Oct. 10: Today in U.S. military history

Today’s post is in honor of Staff Sgt. Nathan L. Wyrick, who gave his life for our country on this day in 2011 in Ahmad Khan, Afghanistan. The 34-year-old native of Enumclaw, Wa. was assigned to 1st Battalion, 32nd Infantry Regiment, 3rd Brigade Combat Team, 10th Mountain Division. He had previously deployed to Iraq twice and was on his first Afghan deployment.


1845: Secretary of the Navy George Bancroft founds the Naval School in Annapolis, Md. – later renamed the U.S. Naval Academy. The nation’s second-oldest service academy (the U.S. Military Academy was established by Thomas Jefferson in 1802) is built on the grounds of Fort Severn, which traces its roots to the American Revolution.

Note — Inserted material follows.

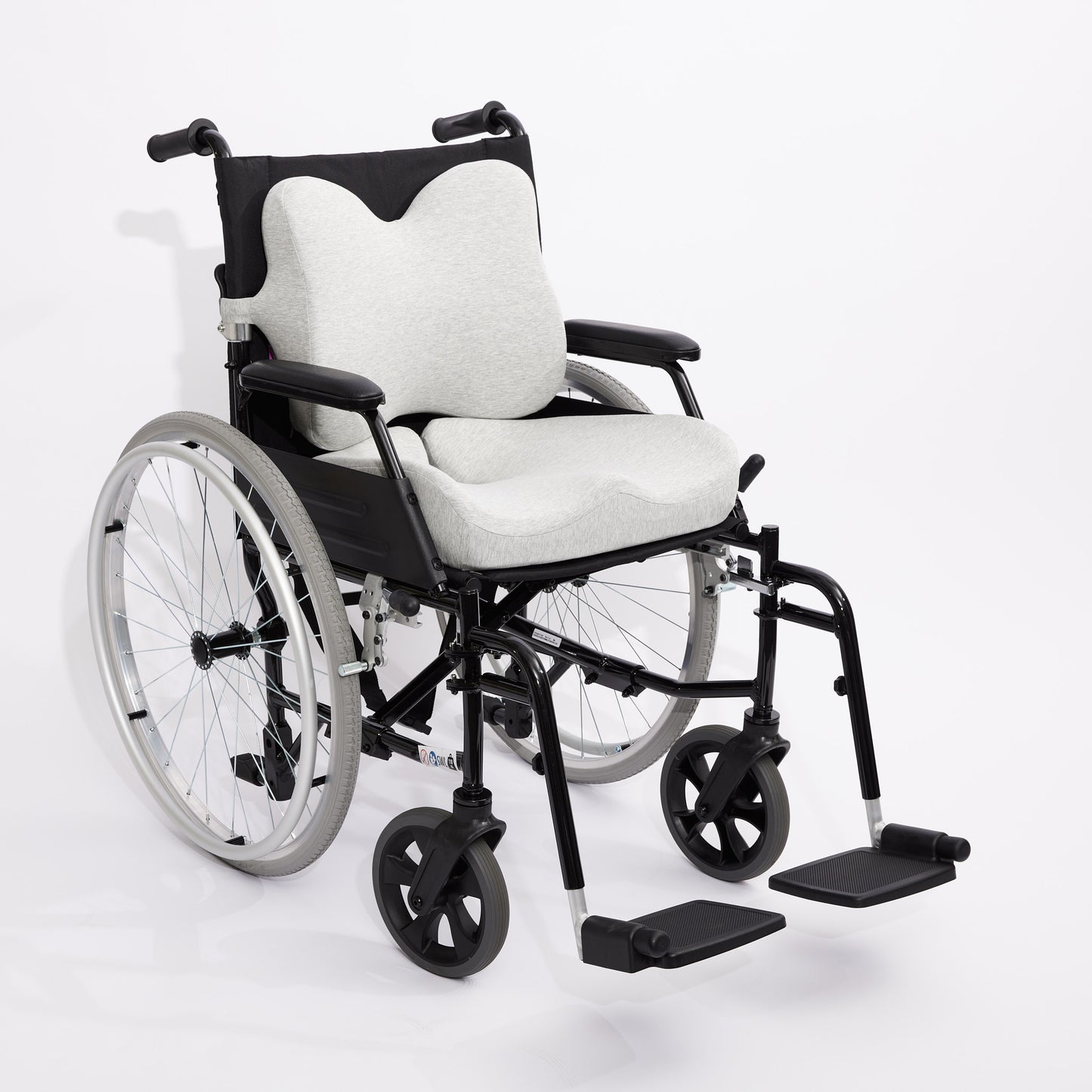 icare Reform Low Back Support ICR3 on wheelchair with ICR1 Seat Support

1944: Although assigned as a gunnery instructor and advised not to actively seek out combat, Maj. Richard I. Bong, America’s all-time leading ace, volunteers for several missions between Oct. 10 and Nov. 11, shooting down eight Japanese warplanes from his P-38 Lightning fighter. For his actions during this period, Bong is awarded the Medal of Honor. After scoring his 40th victory, Bong is sent back to the states where he becomes a test pilot. He will perish just before the Japanese surrender, when his Lockheed P-80 Shooting Star jet fighter malfunctions and crashes in California.

1950: As the 1st Cavalry Division crosses the 38th Parallel near Kaesong, helicopter crews with the 3rd Air Rescue Squadron apply plasma to a rescued pilot for the first time as they return to base. During the Korean War, members of the Air Force’s 3rd Air Rescue Group will rescue thousands of downed aviators.

1972: The U.S. Air Force begins a fly-off competition between Northrop’s YA-9A and Fairchild Republic’s YA-10A prototypes. The winner would become the service’s new close air support platform, replacing the aging propeller-driven A-1 Skyraider. Northrop’s YA-9 (featured image) lost out to the A-10 Thunderbolt II. While the YA-9 had several advantages over its competitor, the A-10’s engines offered greater survivability and the double tail did a better job of hiding the engine exhaust’s infrared signature.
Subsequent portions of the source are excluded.